• DATA TO PROCESS
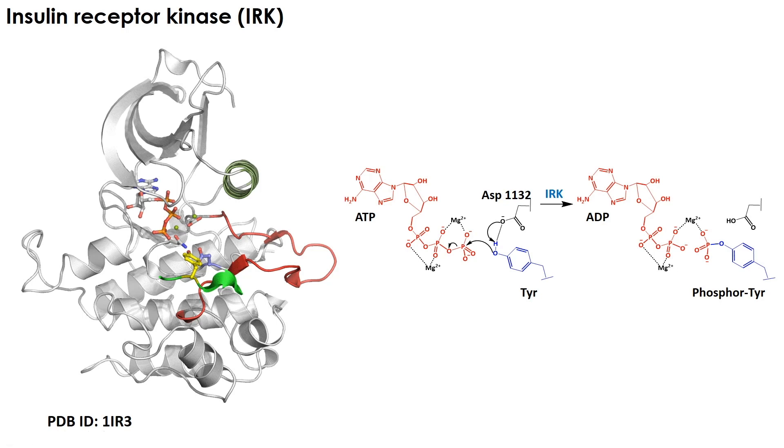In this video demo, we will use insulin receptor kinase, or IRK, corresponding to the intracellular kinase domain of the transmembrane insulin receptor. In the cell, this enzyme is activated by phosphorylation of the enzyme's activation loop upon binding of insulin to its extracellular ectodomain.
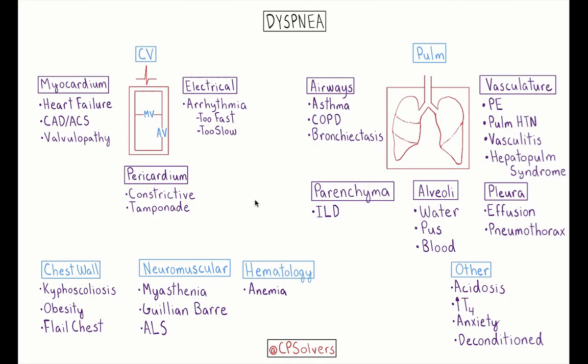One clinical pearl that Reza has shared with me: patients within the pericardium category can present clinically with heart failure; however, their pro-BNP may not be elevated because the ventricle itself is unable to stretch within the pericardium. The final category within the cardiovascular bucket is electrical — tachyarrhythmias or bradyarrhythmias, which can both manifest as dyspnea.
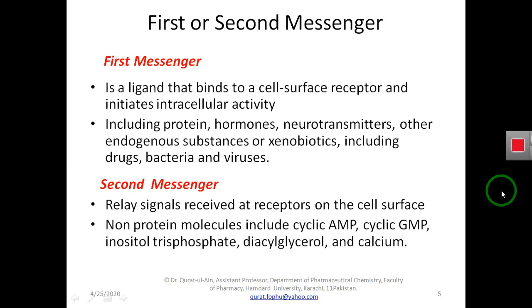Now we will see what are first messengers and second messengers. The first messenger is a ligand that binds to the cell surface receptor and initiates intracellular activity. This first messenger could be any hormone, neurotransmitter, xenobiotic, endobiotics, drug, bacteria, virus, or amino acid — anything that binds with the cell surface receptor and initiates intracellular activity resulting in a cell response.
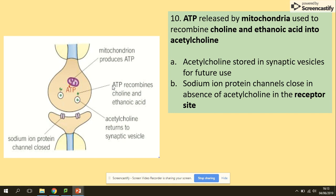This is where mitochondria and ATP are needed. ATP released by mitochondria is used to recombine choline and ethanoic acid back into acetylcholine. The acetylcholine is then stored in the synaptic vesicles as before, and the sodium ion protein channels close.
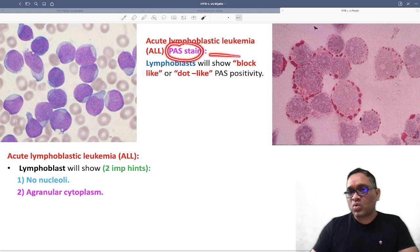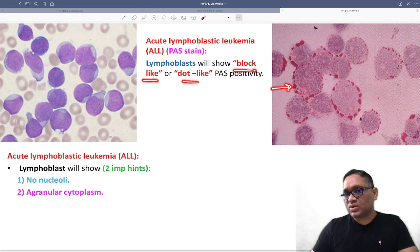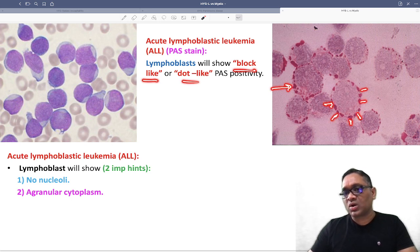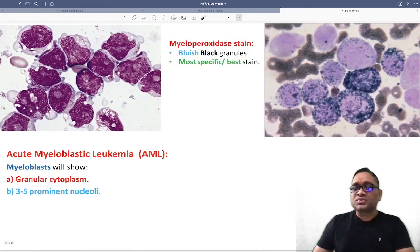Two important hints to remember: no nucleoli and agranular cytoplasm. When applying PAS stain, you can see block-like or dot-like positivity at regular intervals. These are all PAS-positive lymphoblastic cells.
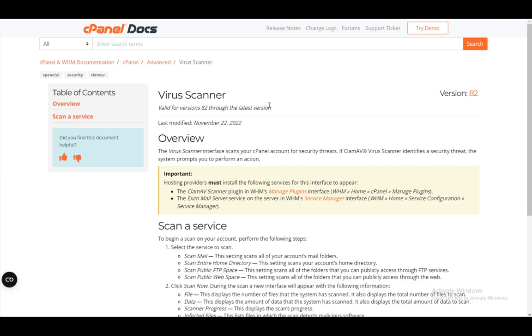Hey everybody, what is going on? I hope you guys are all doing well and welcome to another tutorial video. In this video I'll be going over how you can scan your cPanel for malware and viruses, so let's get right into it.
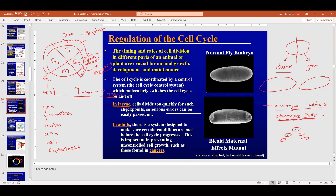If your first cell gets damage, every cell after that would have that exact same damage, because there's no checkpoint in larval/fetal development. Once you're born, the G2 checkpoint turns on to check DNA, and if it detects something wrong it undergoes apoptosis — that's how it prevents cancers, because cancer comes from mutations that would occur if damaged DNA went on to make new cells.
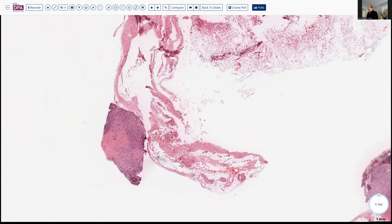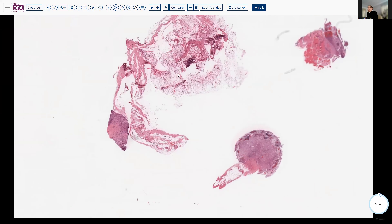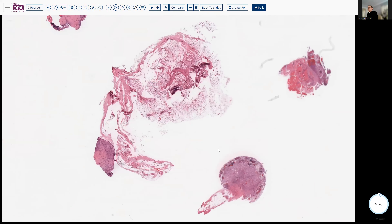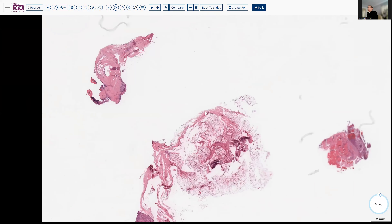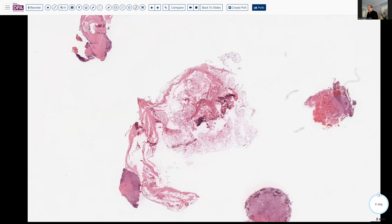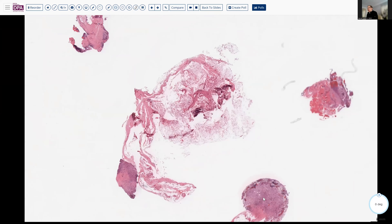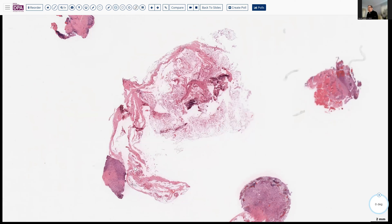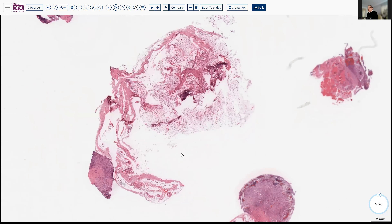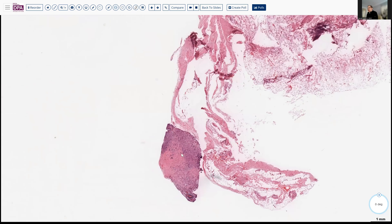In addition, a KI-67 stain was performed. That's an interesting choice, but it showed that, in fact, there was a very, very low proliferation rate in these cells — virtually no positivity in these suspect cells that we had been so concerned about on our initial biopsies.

• WHAT IS NEEDED
Word for word, repeat the material above and drop the pictures.

• RESULT BELOW
In this video demo, we will use insulin receptor kinase, or IRK, corresponding to the intracellular kinase domain of the transmembrane insulin receptor. In the cell, this enzyme is activated by phosphorylation of the enzyme's activation loop upon binding of insulin to its extracellular ectodomain.
One clinical pearl that Reza has shared with me: patients within the pericardium category can present clinically with heart failure; however, their pro-BNP may not be elevated because the ventricle itself is unable to stretch within the pericardium. The final category within the cardiovascular bucket is electrical — tachyarrhythmias or bradyarrhythmias, which can both manifest as dyspnea.
Now we will see what are first messengers and second messengers. The first messenger is a ligand that binds to the cell surface receptor and initiates intracellular activity. This first messenger could be any hormone, neurotransmitter, xenobiotic, endobiotics, drug, bacteria, virus, or amino acid — anything that binds with the cell surface receptor and initiates intracellular activity resulting in a cell response.
This is where mitochondria and ATP are needed. ATP released by mitochondria is used to recombine choline and ethanoic acid back into acetylcholine. The acetylcholine is then stored in the synaptic vesicles as before, and the sodium ion protein channels close.
Two important hints to remember: no nucleoli and agranular cytoplasm. When applying PAS stain, you can see block-like or dot-like positivity at regular intervals. These are all PAS-positive lymphoblastic cells.
Hey everybody, what is going on? I hope you guys are all doing well and welcome to another tutorial video. In this video I'll be going over how you can scan your cPanel for malware and viruses, so let's get right into it.
If your first cell gets damage, every cell after that would have that exact same damage, because there's no checkpoint in larval/fetal development. Once you're born, the G2 checkpoint turns on to check DNA, and if it detects something wrong it undergoes apoptosis — that's how it prevents cancers, because cancer comes from mutations that would occur if damaged DNA went on to make new cells.
In addition, a KI-67 stain was performed. That's an interesting choice, but it showed that, in fact, there was a very, very low proliferation rate in these cells — virtually no positivity in these suspect cells that we had been so concerned about on our initial biopsies.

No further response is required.